### DATA FOR THIS TASK
--- START ---

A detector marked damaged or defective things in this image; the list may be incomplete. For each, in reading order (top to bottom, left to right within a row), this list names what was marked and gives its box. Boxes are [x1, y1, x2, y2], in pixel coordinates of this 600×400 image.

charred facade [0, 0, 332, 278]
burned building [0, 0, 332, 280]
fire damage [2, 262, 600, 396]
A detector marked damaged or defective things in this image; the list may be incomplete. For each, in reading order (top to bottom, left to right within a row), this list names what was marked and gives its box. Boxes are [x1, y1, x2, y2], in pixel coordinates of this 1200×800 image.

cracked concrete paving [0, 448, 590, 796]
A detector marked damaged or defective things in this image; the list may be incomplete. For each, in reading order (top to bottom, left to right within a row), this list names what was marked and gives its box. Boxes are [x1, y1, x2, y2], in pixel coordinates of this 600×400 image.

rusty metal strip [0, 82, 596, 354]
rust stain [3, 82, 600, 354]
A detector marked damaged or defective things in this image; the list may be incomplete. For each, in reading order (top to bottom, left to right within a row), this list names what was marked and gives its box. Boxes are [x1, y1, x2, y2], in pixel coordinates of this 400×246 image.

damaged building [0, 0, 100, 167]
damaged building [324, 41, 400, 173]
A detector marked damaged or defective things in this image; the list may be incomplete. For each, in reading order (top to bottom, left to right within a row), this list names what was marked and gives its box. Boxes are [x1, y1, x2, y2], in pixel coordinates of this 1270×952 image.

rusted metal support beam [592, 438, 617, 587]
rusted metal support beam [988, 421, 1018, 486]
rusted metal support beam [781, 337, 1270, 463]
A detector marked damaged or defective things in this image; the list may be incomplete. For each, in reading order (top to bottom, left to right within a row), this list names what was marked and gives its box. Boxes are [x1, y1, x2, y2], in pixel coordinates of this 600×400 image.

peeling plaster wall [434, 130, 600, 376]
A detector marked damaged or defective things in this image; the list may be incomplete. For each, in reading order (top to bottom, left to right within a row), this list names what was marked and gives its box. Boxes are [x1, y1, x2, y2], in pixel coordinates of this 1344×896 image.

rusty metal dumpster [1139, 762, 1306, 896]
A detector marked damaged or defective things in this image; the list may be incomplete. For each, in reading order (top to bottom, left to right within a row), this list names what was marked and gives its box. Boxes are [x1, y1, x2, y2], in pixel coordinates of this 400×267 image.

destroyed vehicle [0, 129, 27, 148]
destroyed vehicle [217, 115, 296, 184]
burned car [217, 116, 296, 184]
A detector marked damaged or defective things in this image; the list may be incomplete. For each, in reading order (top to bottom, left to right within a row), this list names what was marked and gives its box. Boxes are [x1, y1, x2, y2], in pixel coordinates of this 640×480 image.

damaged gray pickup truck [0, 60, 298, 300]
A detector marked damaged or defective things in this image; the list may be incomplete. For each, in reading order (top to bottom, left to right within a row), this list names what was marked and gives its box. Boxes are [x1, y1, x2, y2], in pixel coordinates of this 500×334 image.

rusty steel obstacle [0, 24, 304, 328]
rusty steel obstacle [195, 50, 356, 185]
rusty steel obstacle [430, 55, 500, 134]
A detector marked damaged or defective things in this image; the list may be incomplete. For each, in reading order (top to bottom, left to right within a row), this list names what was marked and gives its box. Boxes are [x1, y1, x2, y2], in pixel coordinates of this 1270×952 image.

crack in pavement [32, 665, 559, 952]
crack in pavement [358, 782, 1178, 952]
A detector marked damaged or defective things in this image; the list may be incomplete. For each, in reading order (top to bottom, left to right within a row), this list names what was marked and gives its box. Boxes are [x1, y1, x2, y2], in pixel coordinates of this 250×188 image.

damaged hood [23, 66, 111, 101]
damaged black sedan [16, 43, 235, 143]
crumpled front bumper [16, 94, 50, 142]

--- END ---

### WORK ORDER
Using the material above, print every entry exactly as written.

### EXERCISE SOLUTION
A detector marked damaged or defective things in this image; the list may be incomplete. For each, in reading order (top to bottom, left to right within a row), this list names what was marked and gives its box. Boxes are [x1, y1, x2, y2], in pixel coordinates of this 600×400 image.

charred facade [0, 0, 332, 278]
burned building [0, 0, 332, 280]
fire damage [2, 262, 600, 396]
A detector marked damaged or defective things in this image; the list may be incomplete. For each, in reading order (top to bottom, left to right within a row), this list names what was marked and gives its box. Boxes are [x1, y1, x2, y2], in pixel coordinates of this 1200×800 image.

cracked concrete paving [0, 448, 590, 796]
A detector marked damaged or defective things in this image; the list may be incomplete. For each, in reading order (top to bottom, left to right within a row), this list names what was marked and gives its box. Boxes are [x1, y1, x2, y2], in pixel coordinates of this 600×400 image.

rusty metal strip [0, 82, 596, 354]
rust stain [3, 82, 600, 354]
A detector marked damaged or defective things in this image; the list may be incomplete. For each, in reading order (top to bottom, left to right within a row), this list names what was marked and gives its box. Boxes are [x1, y1, x2, y2], in pixel coordinates of this 400×246 image.

damaged building [0, 0, 100, 167]
damaged building [324, 41, 400, 173]
A detector marked damaged or defective things in this image; the list may be incomplete. For each, in reading order (top to bottom, left to right within a row), this list names what was marked and gives its box. Boxes are [x1, y1, x2, y2], in pixel coordinates of this 1270×952 image.

rusted metal support beam [592, 438, 617, 587]
rusted metal support beam [988, 421, 1018, 486]
rusted metal support beam [781, 337, 1270, 463]
A detector marked damaged or defective things in this image; the list may be incomplete. For each, in reading order (top to bottom, left to right within a row), this list names what was marked and gives its box. Boxes are [x1, y1, x2, y2], in pixel coordinates of this 600×400 image.

peeling plaster wall [434, 130, 600, 376]
A detector marked damaged or defective things in this image; the list may be incomplete. For each, in reading order (top to bottom, left to right within a row), this list names what was marked and gives its box. Boxes are [x1, y1, x2, y2], in pixel coordinates of this 1344×896 image.

rusty metal dumpster [1139, 762, 1306, 896]
A detector marked damaged or defective things in this image; the list may be incomplete. For each, in reading order (top to bottom, left to right within a row), this list names what was marked and gives its box. Boxes are [x1, y1, x2, y2], in pixel coordinates of this 400×267 image.

destroyed vehicle [0, 129, 27, 148]
destroyed vehicle [217, 115, 296, 184]
burned car [217, 116, 296, 184]
A detector marked damaged or defective things in this image; the list may be incomplete. For each, in reading order (top to bottom, left to right within a row), this list names what was marked and gives its box. Boxes are [x1, y1, x2, y2], in pixel coordinates of this 640×480 image.

damaged gray pickup truck [0, 60, 298, 300]
A detector marked damaged or defective things in this image; the list may be incomplete. For each, in reading order (top to bottom, left to right within a row), this list names what was marked and gives its box. Boxes are [x1, y1, x2, y2], in pixel coordinates of this 500×334 image.

rusty steel obstacle [0, 24, 304, 328]
rusty steel obstacle [195, 50, 356, 185]
rusty steel obstacle [430, 55, 500, 134]
A detector marked damaged or defective things in this image; the list may be incomplete. For each, in reading order (top to bottom, left to right within a row), this list names what was marked and gives its box. Boxes are [x1, y1, x2, y2], in pixel coordinates of this 1270×952 image.

crack in pavement [32, 665, 559, 952]
crack in pavement [358, 782, 1178, 952]
A detector marked damaged or defective things in this image; the list may be incomplete. For each, in reading order (top to bottom, left to right within a row), this list names what was marked and gives its box. Boxes are [x1, y1, x2, y2], in pixel coordinates of this 250×188 image.

damaged hood [23, 66, 111, 101]
damaged black sedan [16, 43, 235, 143]
crumpled front bumper [16, 94, 50, 142]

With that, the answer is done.